Review of the hospital's document titled, "Grievance Process, A Guide for Families," revised 03/13/22, showed that if there were concerns about the care provided at the hospital, contact the BHU Program Director prior to filing a grievance. Patients or families may then call the BHU Patient Advocate to file a grievance.

Review of the hospital's Grievance Form dated 01/27/22 stated that:
- Patient #26's daughter called Staff H, Registered Nurse (RN), Assistant Director of Nursing (ADON), and requested to speak to the BHU Patient Advocate about concerns regarding her father's care while he was a patient on the BHU.
- His daughter was concerned with the drastic decline in Patient #26's health while he was a patient on the BHU, which resulted in a transfer to the hospital's Medical Surgical unit.
- Staff C, RN, BHU Program Director spoke with the family of Patient #26, and told them she would review the patient's medical record.

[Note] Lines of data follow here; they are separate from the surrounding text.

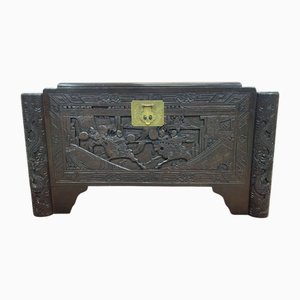 Cajonera asiática en madera de teca y alcanfor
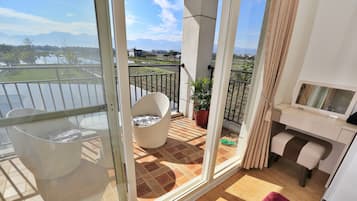 Grand Quadruple Room | Balcony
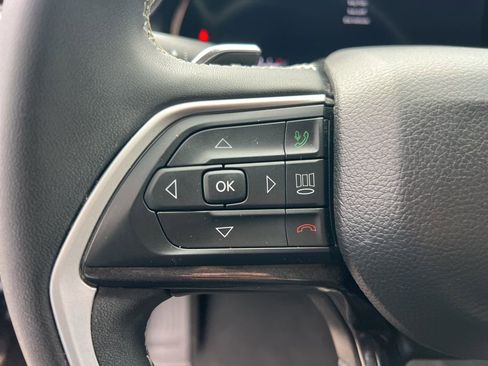 Used 2023 Jeep Grand Cherokee Laredo image 15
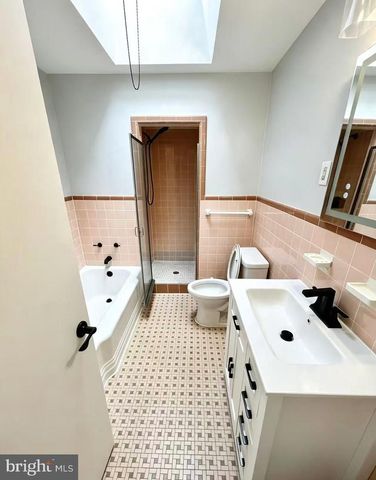 6939 LARGE ST, Philadelphia, PA 19149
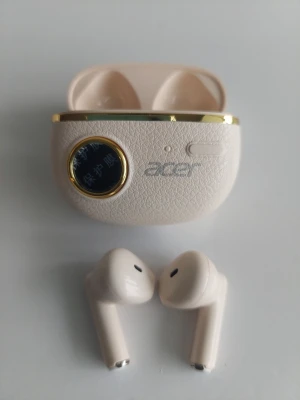 Beige trådlösa in-ear hörlurar Acer - Snygga trådlösa in-ear hörlurar i beige med gulddetaljer och laddningsetui. Etuiet har en rund digital display som visar batterinivå. Hörlurarna har stilren design och passar perfekt för musik och samtal på språng.
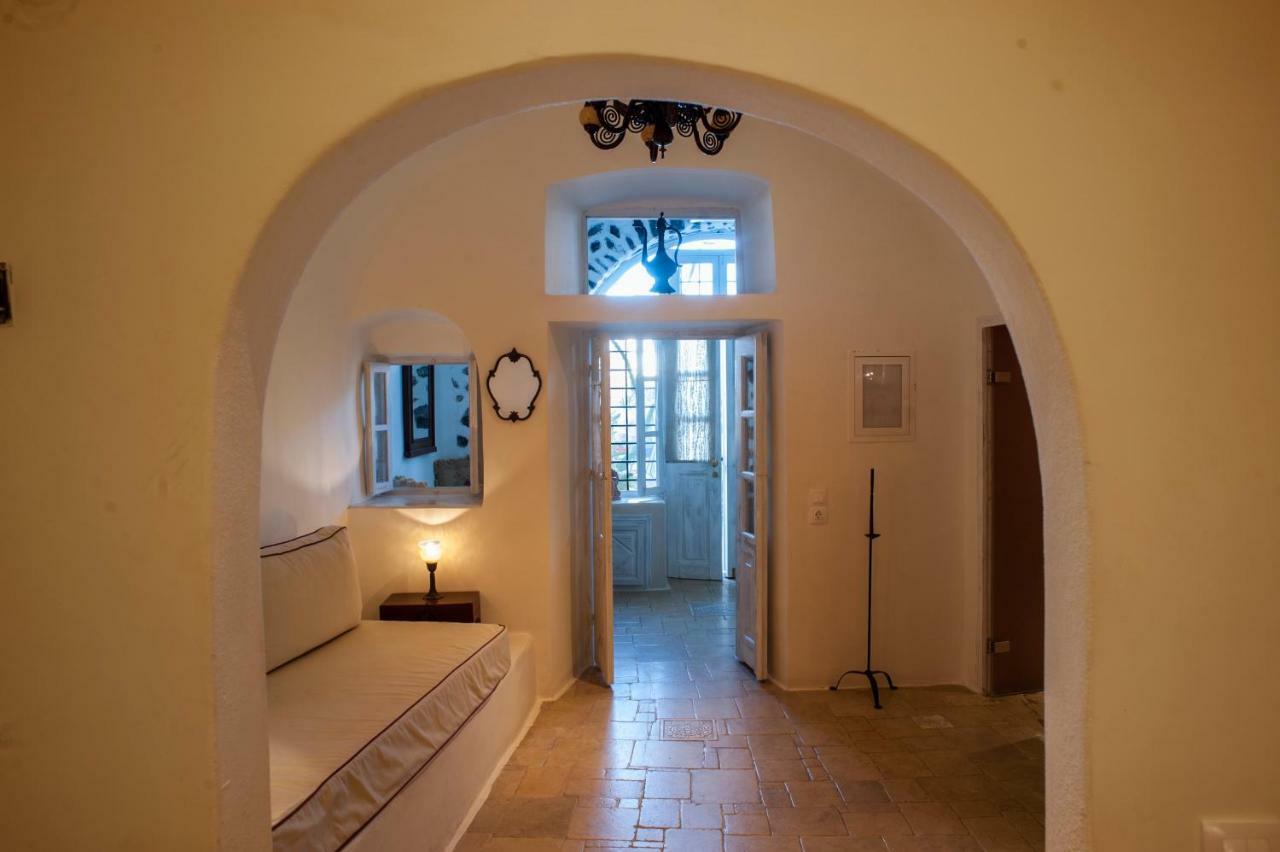 Heliophos Boutique Caves 3* Oia (Santorini)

During an interview on 04/19/22 at 9:00 AM, Staff C, BHU Program Director, stated that there was not a big difference between a complaint and grievance, and that she considered Patient #26's family's concerns a complaint, and no follow up letter was sent to the family.

During an interview on 04/20/22 at 10:00 AM, Staff Q, Patient Advocate, stated that she was involved with grievances and complaints for patients of the BHU, but did not recall Patient #26's grievance.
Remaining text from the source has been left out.